Neutrophil Migration Assay:
Neutrophil granulocytes were isolated from heparinised peripheral blood of healthy donors using dextran sedimentation (3% dextran, added in 1:1 ratio) followed by Ficoll gradient separation. Residual red blood cells were lysed in hypotonic (0.2%) NaCl solution, followed by two washes in ice-cold PBS. The cells were thereafter suspended in Hanks’ balanced salt solution and 5% fatal bovine serum.
Cell migration was tested using 10 ng/ml recombinant human IL-8 (R&D Systems) as chemoattractant or empty buffer as negative control in Corning HTS Transwell 96-well permeable support plates with 3 micrometer pore size.
The number of migrated cells was studied following 60 minutes incubation at 37 °C with the help of flow cytometry. Cell numbers were calculated by using AccuCheck counting beads (Thermo Fisher Scientific).
Osteoclast (OC) cultures:
Monocytes were purified from peripheral blood (buffy coats) of healthy individuals. The buffy coats were obtained from the Karolinska University Hospital’s Blood Center. For the isolation of monocytes we used first Ficoll centrifugation to obtain PBMC, which was followed by magnetic separation (CD14 Microbeads, Miletnyi Biotech). Monocytes were cultured in 96-well flat bottom plates, 105 cells/200µl using DMEM (high glucose), complemented with 10% FBS, glutamine, penicillin-streptomycin (all from Sigma-Aldrich) and 25ng/ml recombinant human M-CSF (Peprotech).
On day 3, 50% of the medium was replaced, new medium with 20ng/ml M-CSF and 10ng/ml RANK-L (R&D Systems) was added (Note that the cytokines were 2X diluted on the plates since only 50% of the medium was replaced). Each sample was represented in triplicate wells. After every 3-day period, 50% of the medium was removed and new medium was added in addition to cytokines. The culture was stopped 6-9 days after the addition of RANK-L, as soon as osteoclasts become clearly visible using light microscope.

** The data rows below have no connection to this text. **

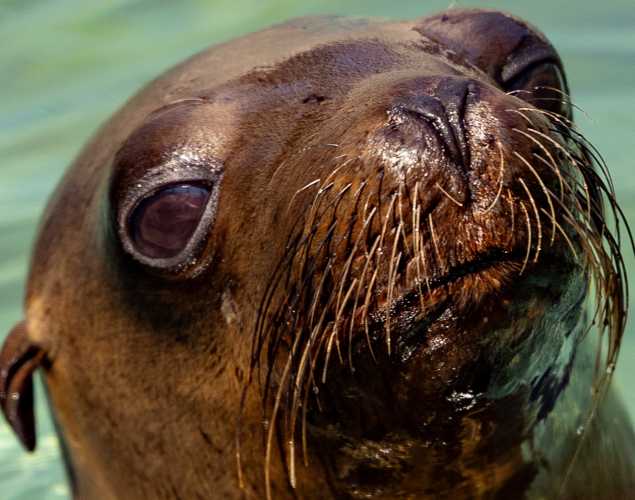 california sea lion boltomor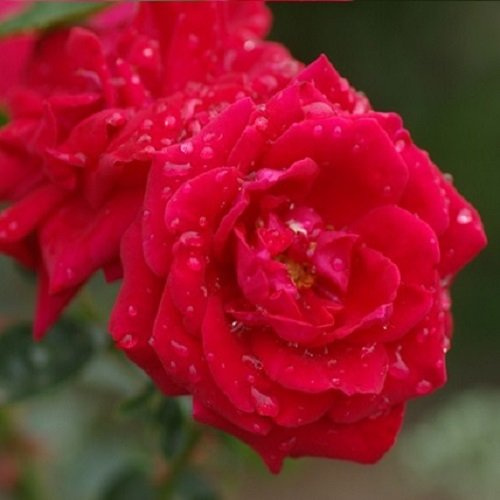 Rosal trepador New Dawn Rouge - Rojo, perenne, fragante y resistente | ClematisOnline - Plantas trepadoras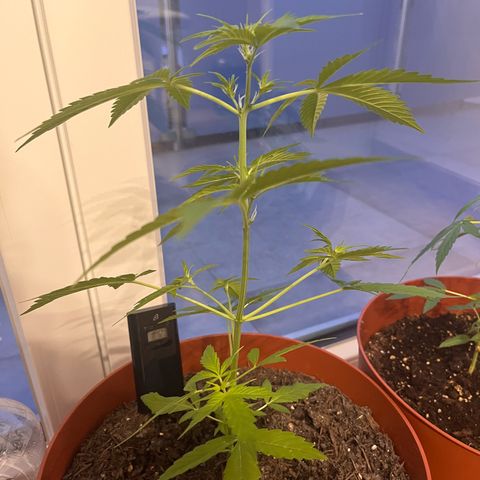 Pink Rozay growlog timeline photo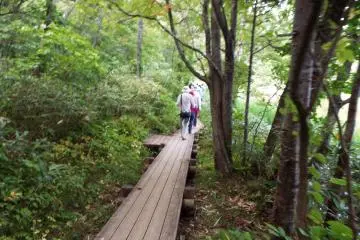 Trail around Otatomari Pond 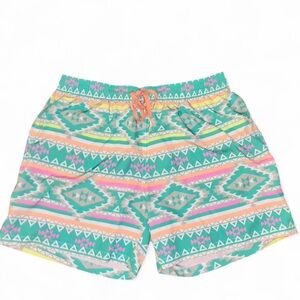 Chubbies Teal and Pink Geometric Shorts
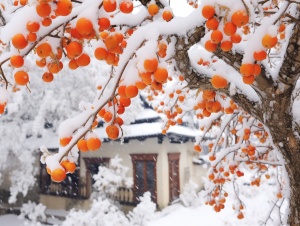 江南小镇的柿子树下厚厚白雪中的雪花摄影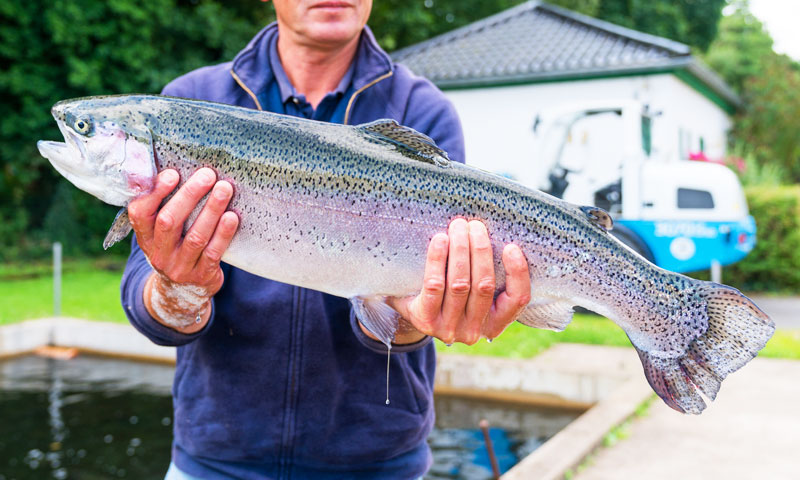 MOHNEN trout fishing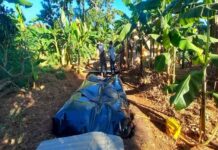 Le SEFA de la BAD approuve une contribution de 10 millions de dollars au Fonds pour l’énergie propre KawiSafi II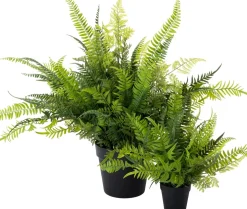 Intratuin kunstplant Varen D 20 H 20 cm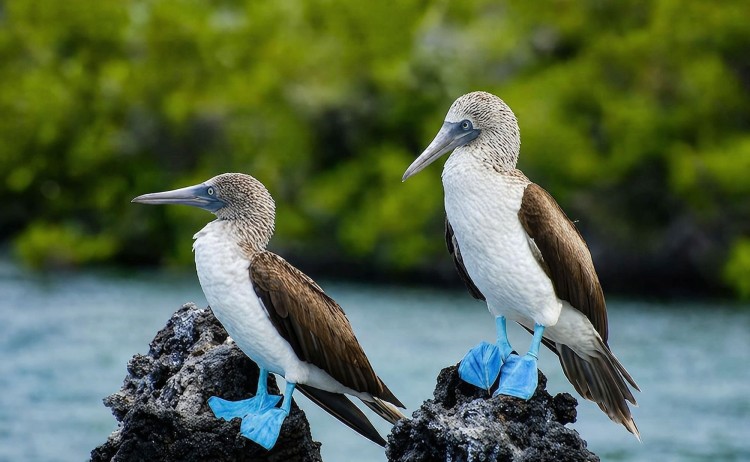 Galapagos iconic blue footed boobies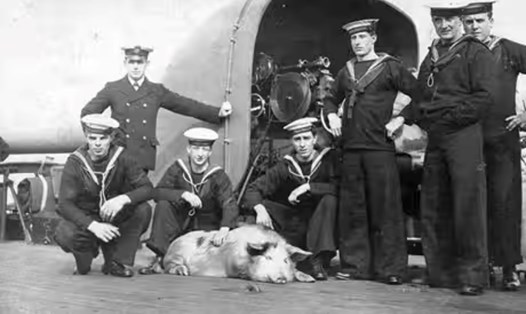 Chú lợn Tirpitz cùng thủy thủ đoàn HMS Glasgow. Ảnh: Bảo tàng Quốc gia Hải quân Hoàng gia Anh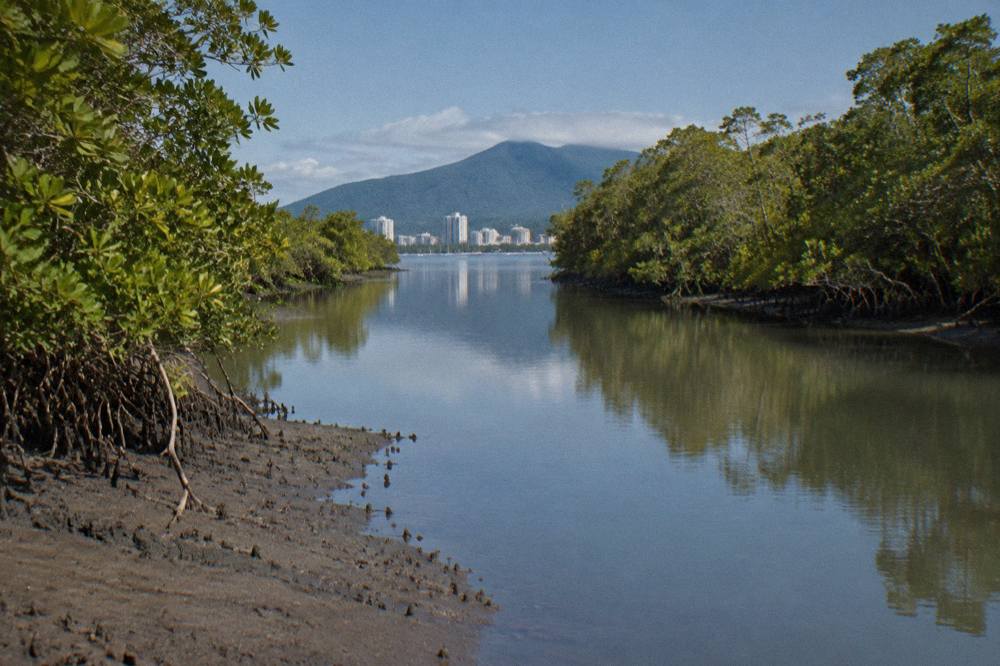 Mangrove-lined inlet channel with calm water and city buildings in the distance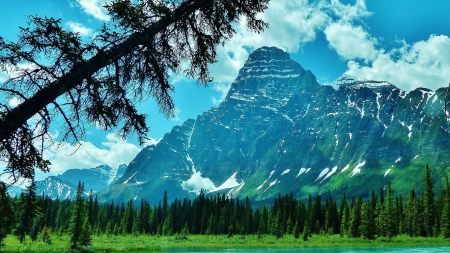 Mountain River - trees, mountain, landscape, river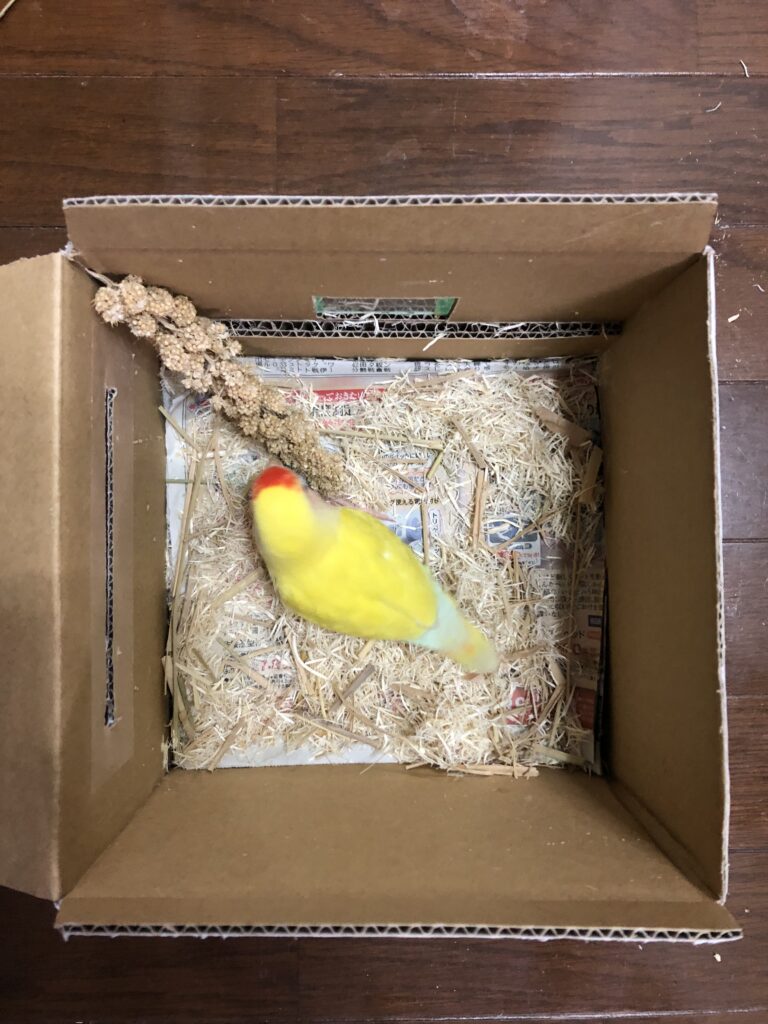 コザクラインコ　ゴールデンチェリー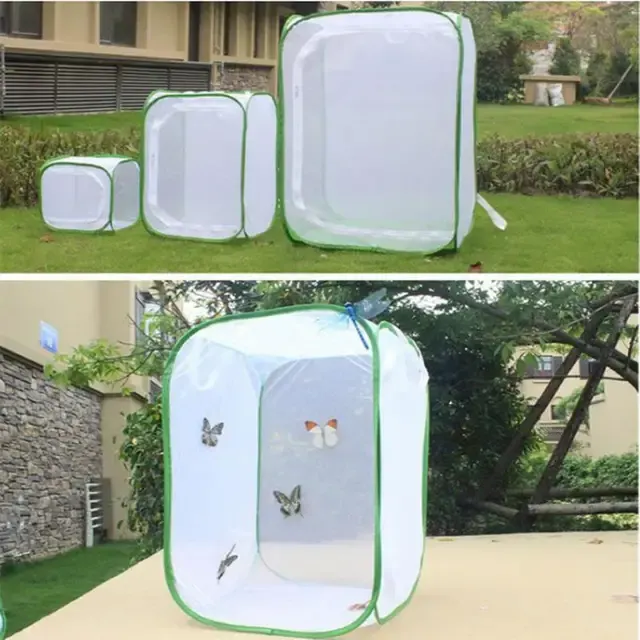 Foldable Insect Cage 3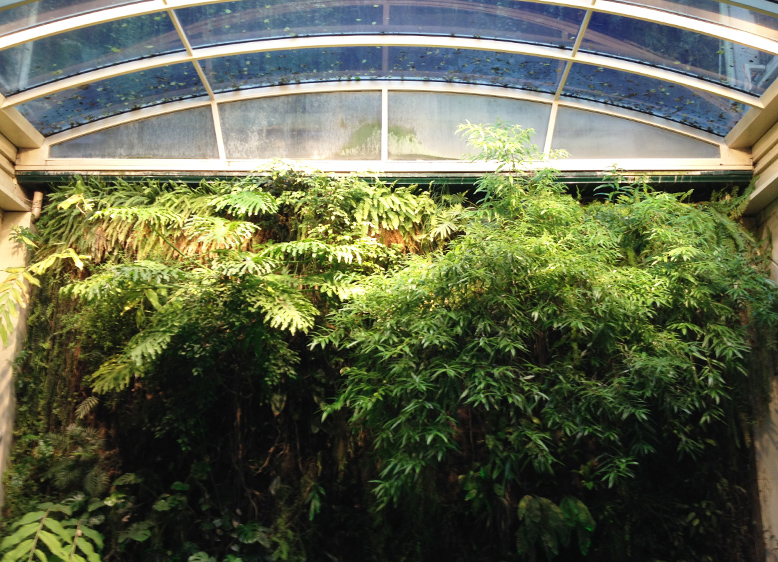 CONFÉRENCE DE PRESSE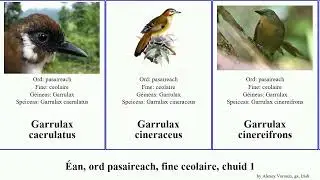 &Eacute;an, ord pasaireach, fine ceolaire, chuid 1 garrulax heterophasia actinodura fulvetta cettia major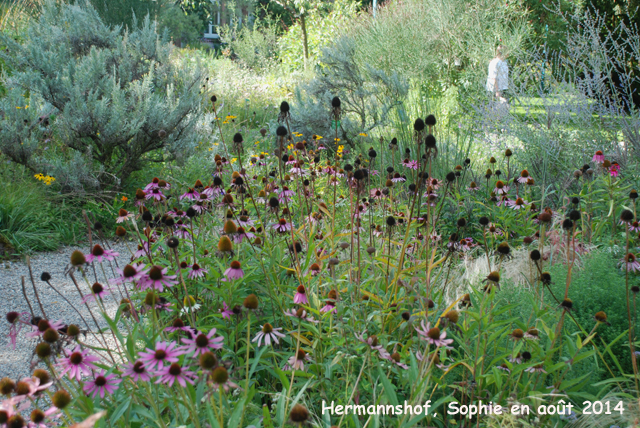 Hermannshof: echinacea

OCs were counted in light microscope as TRAP-positive cells with at least 3 nuclei. The staining reagent Acid Phosphatase, Leukocyte (TRAP) Kit (#387A) from Sigma-Aldrich was used for staining, with the following modifications: The assay was performed on 96 well plates, fixing solution was applied in 50µl/well, staining solution was applied in 60µl/well. Tartrate-negative stainings were not performed. Incubations were performed in incubator, at 37°C.
CXCR1 β-arrestin2 Assay:
One vial of PathHunter® U2OS CXCR1 β-arrestin2 assay-ready cells (P/N 93-0226E3) was thawed in pre-warmed AssayComplete Cell Plating 0 Reagent (CP0; 93-0563R0) and cells (10K / well) were seeded in 100 µl / well into a 96-well clear bottom white-walled plate and allowed to recover for 48 hours in a humidified incubator at 37°C and 5% CO2.
Samples were prepared as 22X stocks in 11-pt dose response format, with 1:3 serial dilutions (highest concentration= 10µg/mL final) diluted in PBS + 0.1% BSA. Each dose was prepared in duplicate.
An EC-80 stock (840ng/mL final concentration) of IL-8 was prepared as a 22X stock in PBS + 0.1% BSA.
IL-8 stock was mixed in a 1:1 ratio with each antibody dilution and incubated at 37ºC for 15 minutes.
10 µl of each sample dilution / IL-8 mixture was added to assay plate containing cells and incubated for 1.5 hours in a humidified incubator at 37°C and 5% CO2.
To detect signal, 50 µL of PathHunter Detection Reagent (prepared per manufacturer’s instructions) was added to each well of the assay plate, prior to incubation of the plate at room temperature for 60 minutes in the dark.
Signal from each sample was acquired on a Perkin Elmer Envision plate reader with an integration time of 0.1 second/well. Raw RLU data were plotted using GraphPad Prism software. Data presented in graph format represent the average (+/- standard deviation) of duplicate wells per sample dose.